Insomma mi trastullo mentalmente così, che è poi un modo per allenare la memoria che vi assicuro era veramente notevole e che ora perde dei colpi, con l’aggravante di essere stato uno che si ricordava quasi tutto (nel periodo di Natale, complice il rilassamento mentale ne ho combinate un paio niente male).
Figuriamoci dunque se non ricordo com’ero a 22 anni quattro mesi e 3 giorni e come andò quella giornata.
Le trasferte le facevo con Franco Picchiotti, delizioso giornalista di Canale 48 che sarebbe poi andato a La Nazione e che ad ogni viaggio comprava all’autogrill un regalo per il suo bambino, oggi ultratrentenne.
La domenica mattina stranamente Radio Blu trasmetteva ed io feci un paio di collegamenti per annunciare la grande novità: avremmo fatto la radiocronaca!
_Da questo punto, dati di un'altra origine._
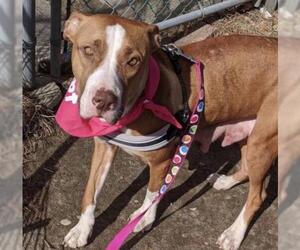 Bullboxer Pit Dogs for adoption in Hull, MA, USA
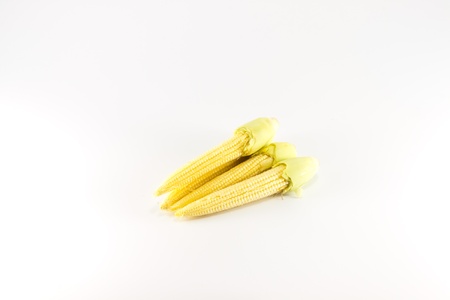 Baby corn on a white background, close-upの写真素材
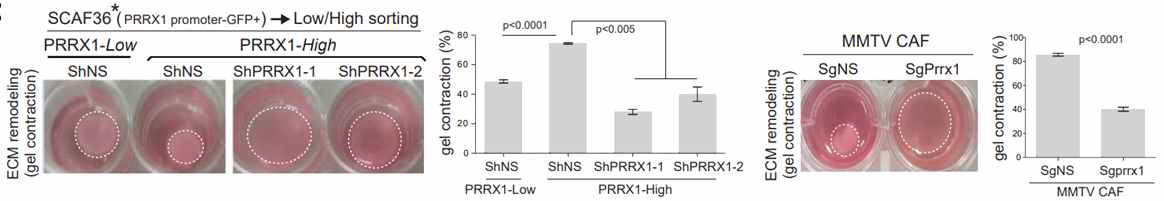 Prrx1이 높게 발현되는 CAF와 아닌 CAF의 gel contraction능력을 비교하였으며 Prrx1(+) CAF의 gel contraction능력이 월등히 높음. 또한 Prrx1을 억제하였을 때 CAF의 gel contraction능력이 감소함도 확인함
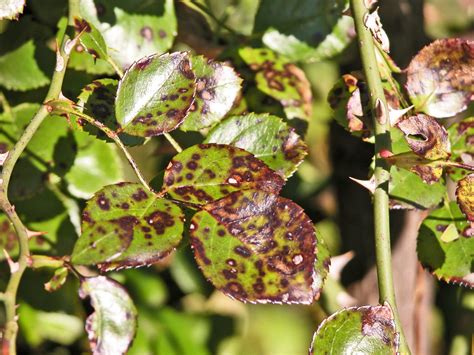 Black spot (blackspot) is one of the most common diseases of rose bushes; Preventing and Dealing with Black Spot on Roses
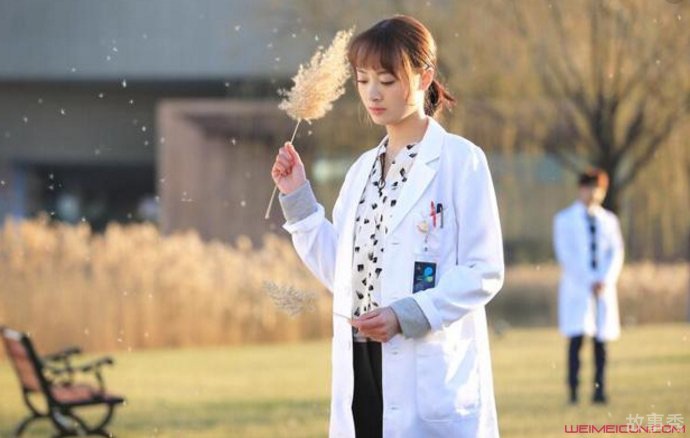 网络图片(侵删)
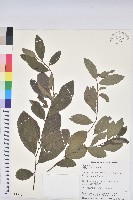 藏品(土密樹)的圖片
Ero molto concitato e ripetitivo, uno strazio, questo lo ricordo bene.
Della partita Udinese-Fiorentina invece non è rimasto in testa niente, nemmeno un’occasione da gol che forse non c’è neanche stata, nelle tracce del passato c’è posto solo per la mia vertiginosa caduta di ritmo dopo venti minuti sparatissimi.
Ero terribilmente voglioso di fare qualcosa nel giornalismo, ma non mi considerava nessuno nei quotidiani.
E neanche nelle televisioni fiorentine in cui imperversavano Isler e Macilletti, che mi guardavano dall’alto in basso.
Con la radio guadagnavo più o meno centomila lire al mese, ma dall’età di diciannove anni mi mantenevo vendendo vernici (bombolette spray della Sadim) e pubblicità per Janovitz, in più davo molti esami a Scienze Politiche perché avevo sfidato il mio futuro primo suocero sul fatto che mi sarei laureato (poi, per colpa del tedesco, ce l’ho fatta solo a 28 anni).
Facevo spesso tardissimo a giocare d’azzardo, perdevo com’è logico abbastanza (perché nel gioco non si vince mai), avevo un sacco di capelli, ero un po’ presuntuoso e prendevo moltissime usciate nel viso, ma è stato tutto davvero molto bello.
Perché “a vent’anni è tutto ancora intero, a vent’anni si ha tutto chi lo sa, a vent’anni si è stupidi davvero, quante balle si ha in testa a quell’età”.
Ma soprattutto sono stato fortunato ad esserci ancora, trent’anni e quasi milletrecento radiocronache dopo.